[WHAT YOU HAVE TO DO]: Lines from the one holding "Букет невесты из" through the end of the entries, inclusive, form the whole output; reproduce them exactly and omit pictures.

[GIVEN RECORDS]:
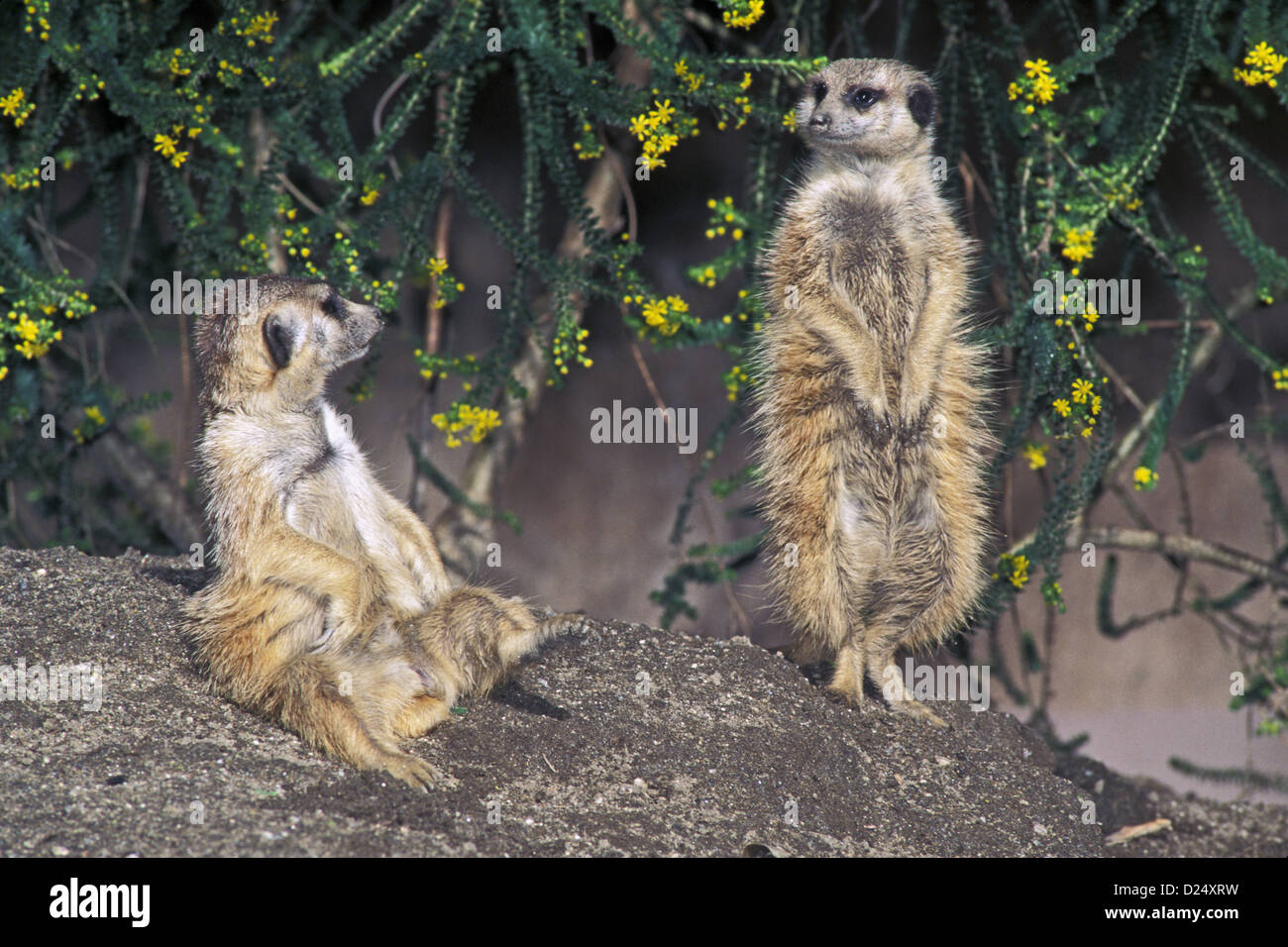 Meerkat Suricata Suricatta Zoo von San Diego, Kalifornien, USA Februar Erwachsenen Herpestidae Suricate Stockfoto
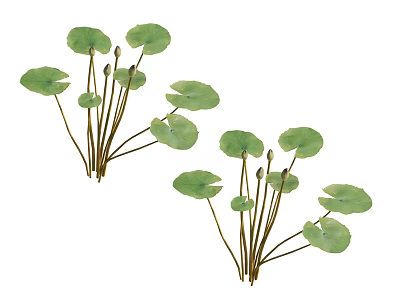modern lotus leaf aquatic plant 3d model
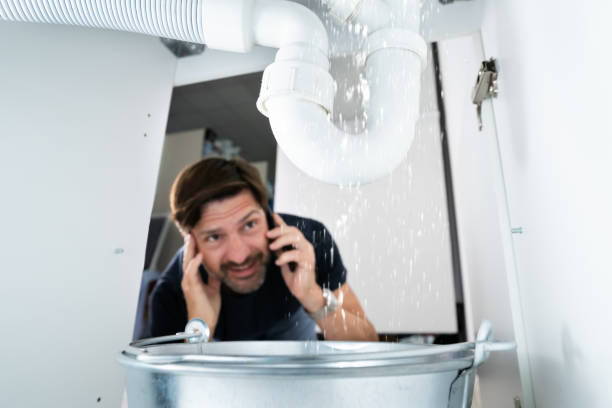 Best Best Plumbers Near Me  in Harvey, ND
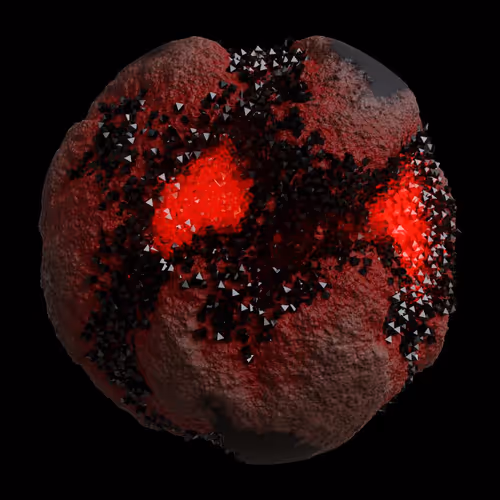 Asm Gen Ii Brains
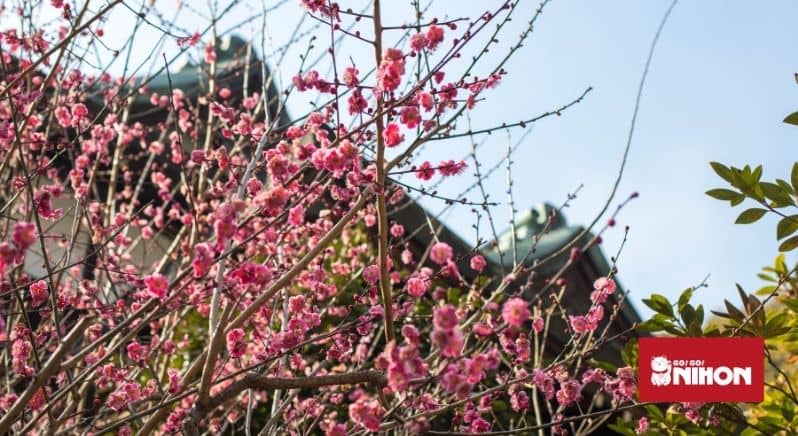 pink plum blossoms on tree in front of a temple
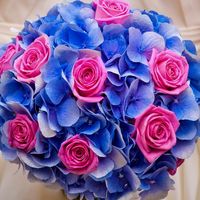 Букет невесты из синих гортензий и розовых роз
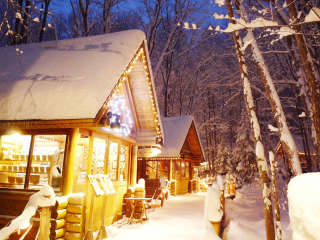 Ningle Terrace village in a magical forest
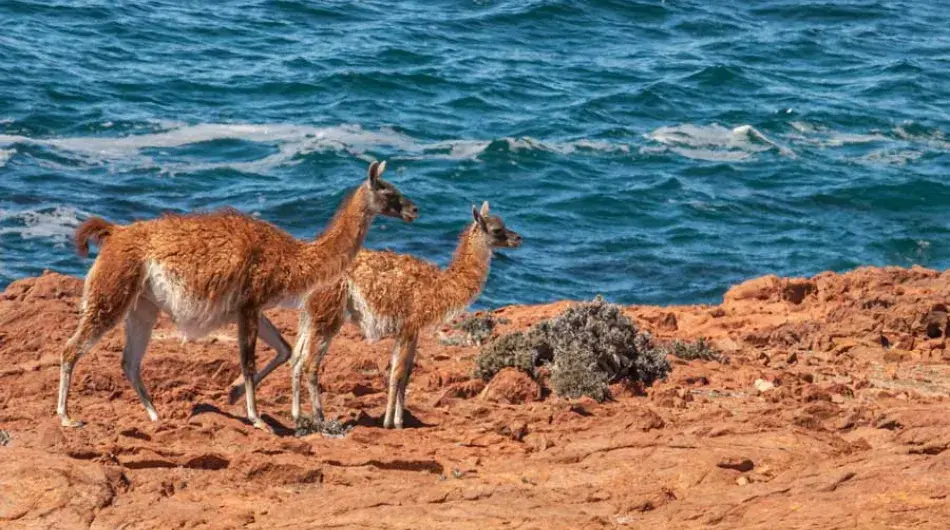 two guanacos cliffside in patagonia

[ANSWER]:
 Букет невесты из синих гортензий и розовых роз
 Ningle Terrace village in a magical forest
 two guanacos cliffside in patagonia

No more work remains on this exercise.